Senin, 12 Mei 2014

Bahagia dengan Bermain


Video di atas mengingatkan saya pada hari-hari yang sungguh membuat saya semakin yakin betapa pentingnya bermain. Rumah senantiasa berantakan. Awalnya berloncatan di kasur, lalu beranjak mengobrak-abrik dapur. Air tumpah dimana-mana, kacang hijau berserakan di lantai, dan uh, berbagai rupa rumah seperti tak layak dihuni lagi.

Namun, ada bahagia terpancar dari wajah anak-anak. Jatuh terpeleset pun tak membuat jera mereka bermain. Mereka tertawa, tersungging senyum seolah mereka menyatakan dengan pasti, "Ya, kami bahagia!" Persis seperti wajah anak-anak dalam video di atas. Bermain memainkan peran penting menumbuhkan kesenangan jiwa. Anak-anak sangat membutuhkan ini demi perkembangan jiwa, fisik, dan akal mereka.

Semua orang tua ingin anak-anaknya merasakan kebahagiaan ini.
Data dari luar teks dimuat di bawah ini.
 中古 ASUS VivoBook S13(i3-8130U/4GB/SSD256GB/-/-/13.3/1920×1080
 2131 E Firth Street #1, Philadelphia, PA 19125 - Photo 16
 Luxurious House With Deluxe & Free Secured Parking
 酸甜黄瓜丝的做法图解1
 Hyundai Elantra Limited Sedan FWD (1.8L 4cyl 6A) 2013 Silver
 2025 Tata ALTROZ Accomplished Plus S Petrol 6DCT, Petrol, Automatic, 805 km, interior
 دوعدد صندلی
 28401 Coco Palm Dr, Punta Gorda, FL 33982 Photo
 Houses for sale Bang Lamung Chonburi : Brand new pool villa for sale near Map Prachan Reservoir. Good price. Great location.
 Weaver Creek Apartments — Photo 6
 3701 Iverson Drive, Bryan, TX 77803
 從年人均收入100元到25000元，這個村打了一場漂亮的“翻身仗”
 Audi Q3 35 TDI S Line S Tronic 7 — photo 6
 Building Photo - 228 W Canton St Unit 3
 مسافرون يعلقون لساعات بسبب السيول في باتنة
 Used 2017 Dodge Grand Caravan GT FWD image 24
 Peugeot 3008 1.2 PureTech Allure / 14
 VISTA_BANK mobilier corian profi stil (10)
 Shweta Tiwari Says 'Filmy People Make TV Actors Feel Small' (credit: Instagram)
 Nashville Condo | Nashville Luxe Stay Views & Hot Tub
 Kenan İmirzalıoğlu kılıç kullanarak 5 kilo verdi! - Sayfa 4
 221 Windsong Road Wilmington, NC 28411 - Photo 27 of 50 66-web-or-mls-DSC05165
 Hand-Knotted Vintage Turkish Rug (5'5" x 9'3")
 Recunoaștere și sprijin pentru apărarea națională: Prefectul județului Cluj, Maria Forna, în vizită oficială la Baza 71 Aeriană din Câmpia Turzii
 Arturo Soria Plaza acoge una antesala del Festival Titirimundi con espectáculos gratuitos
Jangan sampai ketika anaknya menginjak dewasa malah muncul sindiran untuk anaknya "masa kecil kurang bahagia". Oh, seolah masa kecil itu suram sehingga murung mendominasi wajah mereka di masa mendatang. Kematangan jiwa pun akhirnya kadaluarsa begitu saja. Di masa dewasanya, justru sifat kekanak-kanakan muncul dari dalam diri.

Bermain juga identik dengan olah fisik. Bermain ayunan, mencuci piring, bermain air yang tergenang, apa pun itu, pasti melibatkan fisik yang tidak diam. Justru inilah yang akan memperkuat otot anak sehingga aktif adalah identitas diri mereka.





Bagaimana dengan perkembangan akal anak dengan bermain? Tak diragukan lagi, bermain memberikan sinyal positif bagi otak untuk siap menerima informasi. Bermain secara tak langsung menstimulus logika anak dalam menganalisa setiap kejadian yang dialaminya.Misalnya, ketika tangannya asyik memasukkan tanah ke air, logika akalnya akan terbentuk bahwa air akan berubah warna. Tatkala anak memainkan balon dan lepas dari genggaman, maka ingatannya mencerna bahwa balonnya akan terbang melayang mengikuti angin.

Anak bahagia dengan bermain? Itu sebuah keharusan. Istilah repot membersihkan rumah, baju jadi kotor, piring pecah berkeping-keping, dsb tak semestinya ada dalam kamus sehari-hari orang tua. Biarlah anak menikmati masa kecilnya dengan bermain.

Bagaimana Wajah Bahagia Itu Nampak Nyata?

Sudah pasti dengan bermain, tentunya. Puas bermain itulah kunci utamanya. Ada beberapa kiat sederhana sehingga anak bisa puas bermain, tanpa beban, ringan, dan ujung-ujungnya bahagia terasakan.
1.        Bermain itu bukan berkompetisi
Jika anak sedang berenang, ya, biarkan berenang sepuasnya. Tak perlu dilombakan antar anak. Mengapa? Karena ketika dikompetisikan, targetnya sudah tidak bahagia lagi, melainkan kemenangan, meski menang sendiri akan membawa bahagia. Bagi yang menang, tentunya. Bagaimana dengan anak yang kalah?
2.        Katakan bermain, bukan belajar
Ketika anak saya memasuki dunia Play Group, sama dengan maknanya, saya katakan kepada anak saya bahwa dia akan bermain. Sepulang dari Play Group saya pun akan bertanya, "Tadi bermain apa?" Bukan "Tadi belajar apa?"
3.        Bermain yang bertanggung jawab
Saking senangnya, bahagianya bermain, tentu harus lah tetap bertanggung jawab. Namun, cara yang disuguhkan pun dengan bermain pula. Anak saya pernah asyik main lempar-lemparan bola sehingga bola tercecer dimana-mana. Mengembalikan bola ke tempatnya setelah bermain adalah tanggung jawabnya. Caranya, yuk, lempar kembali ke keranjangnya!


Bermain akan menghadirkan wajah bahagia. Video wajah bermain di atas adalah salah satu andil Rinso Kids Today Project dalam meyakinkan orang tua bahwa bermain adalah hak asasi anak. Mari, biarkan waktu anak terisi dengan bermain yang mampu membahagiakannya.

Tulisan ini diikutkan dalam Blogger competition #KidsToday #KidsTodayProject Rinso Indonesia @MissResik

1 komentar:

  1. Bermain adalah kebutuhan dasar anak, hak anak, naluri anak...sudah sepantasnya kita support dan kondisikan lingkungan yg aman.